**Task prompt**
All lines from the line containing "Property at 111" up to and including the last line of the listing below should be echoed exactly; no other lines belong in the response.

**Exercise material**
▶
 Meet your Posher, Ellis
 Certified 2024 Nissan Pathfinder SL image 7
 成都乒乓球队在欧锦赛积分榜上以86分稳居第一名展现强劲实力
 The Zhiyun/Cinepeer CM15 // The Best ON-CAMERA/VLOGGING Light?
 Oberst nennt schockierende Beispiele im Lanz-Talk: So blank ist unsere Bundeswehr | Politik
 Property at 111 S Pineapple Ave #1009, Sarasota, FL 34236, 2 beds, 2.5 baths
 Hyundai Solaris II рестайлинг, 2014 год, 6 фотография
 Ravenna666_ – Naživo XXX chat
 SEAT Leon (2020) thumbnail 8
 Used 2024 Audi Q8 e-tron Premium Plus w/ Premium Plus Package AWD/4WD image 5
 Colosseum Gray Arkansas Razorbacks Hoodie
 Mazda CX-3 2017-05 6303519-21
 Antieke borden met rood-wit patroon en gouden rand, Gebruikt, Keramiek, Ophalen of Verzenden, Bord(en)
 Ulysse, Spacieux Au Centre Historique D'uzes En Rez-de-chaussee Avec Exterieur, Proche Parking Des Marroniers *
◀
**The answer**
 Property at 111 S Pineapple Ave #1009, Sarasota, FL 34236, 2 beds, 2.5 baths
 Hyundai Solaris II рестайлинг, 2014 год, 6 фотография
 Ravenna666_ – Naživo XXX chat
 SEAT Leon (2020) thumbnail 8
 Used 2024 Audi Q8 e-tron Premium Plus w/ Premium Plus Package AWD/4WD image 5
 Colosseum Gray Arkansas Razorbacks Hoodie
 Mazda CX-3 2017-05 6303519-21
 Antieke borden met rood-wit patroon en gouden rand, Gebruikt, Keramiek, Ophalen of Verzenden, Bord(en)
 Ulysse, Spacieux Au Centre Historique D'uzes En Rez-de-chaussee Avec Exterieur, Proche Parking Des Marroniers *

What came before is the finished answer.